> **Exercise requirements**: Print all entries below exactly, without images.

> **Data**:
⁂

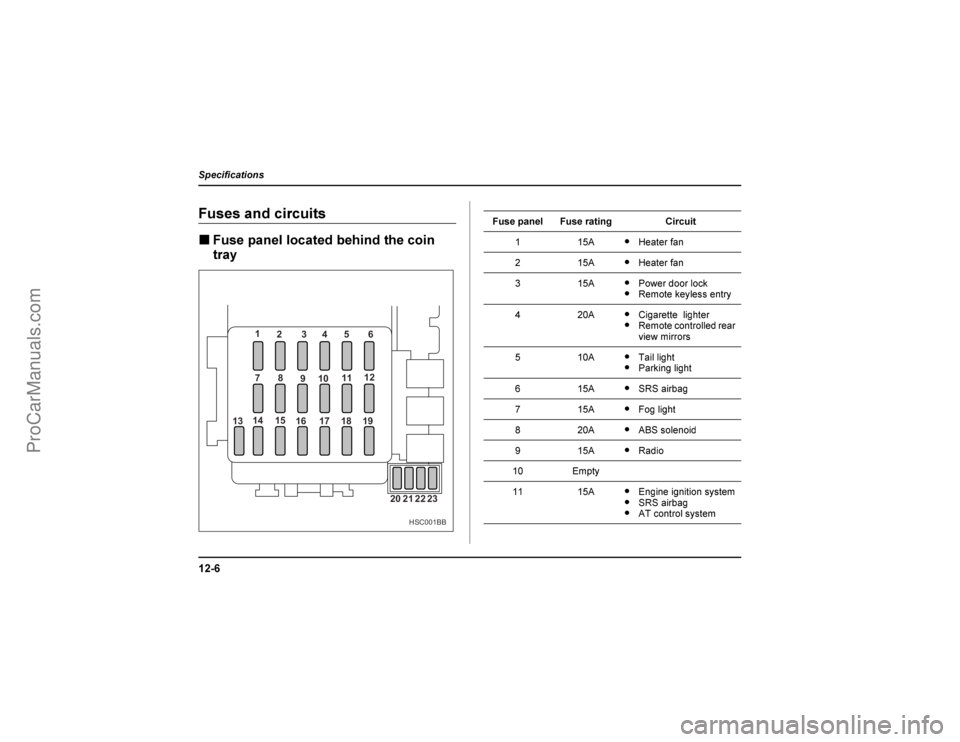 SAAB 9-2X 2005  Owners Manual #�	


1!

!1!


2"
"



1
23456
78
9101112
1314 15
16 17 18 19 
20 21 22 23
HSC001BB
�
�	


	




4


⁂

> **Solution to the problem**:
 SAAB 9-2X 2005  Owners Manual #�	


1!

!1!


2"
"



1
23456
78
9101112
1314 15
16 17 18 19 
20 21 22 23
HSC001BB
�
�	


	




4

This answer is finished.